## [WHAT TO PRODUCE]
Of all the lines in the entries below, give again exactly those starting at the line containing "Load image into" and ending at the line containing "KOSCRPF's tweet photo.", both ends included, and no others.

Extracted data entries
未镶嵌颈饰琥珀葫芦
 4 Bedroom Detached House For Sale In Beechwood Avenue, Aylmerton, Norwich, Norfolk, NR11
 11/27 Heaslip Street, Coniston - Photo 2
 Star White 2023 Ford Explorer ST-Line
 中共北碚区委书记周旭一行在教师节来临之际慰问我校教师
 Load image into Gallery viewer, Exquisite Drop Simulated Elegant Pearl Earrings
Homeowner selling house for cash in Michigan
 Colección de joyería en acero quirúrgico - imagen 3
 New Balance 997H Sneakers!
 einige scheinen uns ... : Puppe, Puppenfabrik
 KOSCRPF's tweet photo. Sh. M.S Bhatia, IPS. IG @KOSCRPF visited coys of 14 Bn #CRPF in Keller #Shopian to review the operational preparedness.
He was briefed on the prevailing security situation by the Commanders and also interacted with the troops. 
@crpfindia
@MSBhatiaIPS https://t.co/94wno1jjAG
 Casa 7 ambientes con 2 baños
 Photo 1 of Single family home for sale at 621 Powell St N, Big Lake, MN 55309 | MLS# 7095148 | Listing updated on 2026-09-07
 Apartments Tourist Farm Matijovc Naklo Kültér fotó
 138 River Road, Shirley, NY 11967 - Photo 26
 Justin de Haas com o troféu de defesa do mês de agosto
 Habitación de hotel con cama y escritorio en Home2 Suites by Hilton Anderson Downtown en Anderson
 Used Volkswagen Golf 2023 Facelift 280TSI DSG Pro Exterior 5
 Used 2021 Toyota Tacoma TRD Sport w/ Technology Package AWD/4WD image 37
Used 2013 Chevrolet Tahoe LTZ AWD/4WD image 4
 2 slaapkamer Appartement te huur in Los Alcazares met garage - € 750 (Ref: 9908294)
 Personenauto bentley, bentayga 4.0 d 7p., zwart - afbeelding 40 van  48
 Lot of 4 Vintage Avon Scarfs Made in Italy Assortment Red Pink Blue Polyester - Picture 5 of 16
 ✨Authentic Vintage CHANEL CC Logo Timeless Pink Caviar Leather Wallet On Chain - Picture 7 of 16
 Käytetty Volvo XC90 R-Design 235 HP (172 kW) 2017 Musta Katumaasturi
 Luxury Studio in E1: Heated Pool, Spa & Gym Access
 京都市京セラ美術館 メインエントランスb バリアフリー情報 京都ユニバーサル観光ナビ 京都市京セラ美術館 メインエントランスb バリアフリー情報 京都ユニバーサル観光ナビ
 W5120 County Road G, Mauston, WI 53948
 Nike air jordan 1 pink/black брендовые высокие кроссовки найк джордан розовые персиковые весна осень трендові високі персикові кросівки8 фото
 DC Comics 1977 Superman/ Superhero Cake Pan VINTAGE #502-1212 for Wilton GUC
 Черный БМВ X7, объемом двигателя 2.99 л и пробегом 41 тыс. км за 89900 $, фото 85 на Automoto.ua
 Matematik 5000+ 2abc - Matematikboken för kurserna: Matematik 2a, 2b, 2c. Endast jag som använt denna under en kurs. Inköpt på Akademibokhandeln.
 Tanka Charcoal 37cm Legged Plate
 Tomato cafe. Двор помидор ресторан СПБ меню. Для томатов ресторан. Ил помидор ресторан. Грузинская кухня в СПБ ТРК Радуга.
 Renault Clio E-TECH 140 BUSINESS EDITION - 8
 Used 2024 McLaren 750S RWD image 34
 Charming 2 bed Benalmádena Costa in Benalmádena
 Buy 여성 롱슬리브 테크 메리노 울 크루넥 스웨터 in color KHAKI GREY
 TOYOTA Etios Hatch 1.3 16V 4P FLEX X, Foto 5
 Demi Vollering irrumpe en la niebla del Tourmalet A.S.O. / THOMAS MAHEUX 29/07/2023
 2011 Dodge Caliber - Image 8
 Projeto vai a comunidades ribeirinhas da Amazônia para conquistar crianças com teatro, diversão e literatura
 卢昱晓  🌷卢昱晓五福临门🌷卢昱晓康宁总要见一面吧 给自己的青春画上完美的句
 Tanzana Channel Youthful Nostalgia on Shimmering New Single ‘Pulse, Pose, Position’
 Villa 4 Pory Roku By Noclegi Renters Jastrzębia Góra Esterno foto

## [ANSWER TO THIS EXERCISE]
 Load image into Gallery viewer, Exquisite Drop Simulated Elegant Pearl Earrings
Homeowner selling house for cash in Michigan
 Colección de joyería en acero quirúrgico - imagen 3
 New Balance 997H Sneakers!
 einige scheinen uns ... : Puppe, Puppenfabrik
 KOSCRPF's tweet photo. Sh. M.S Bhatia, IPS. IG @KOSCRPF visited coys of 14 Bn #CRPF in Keller #Shopian to review the operational preparedness.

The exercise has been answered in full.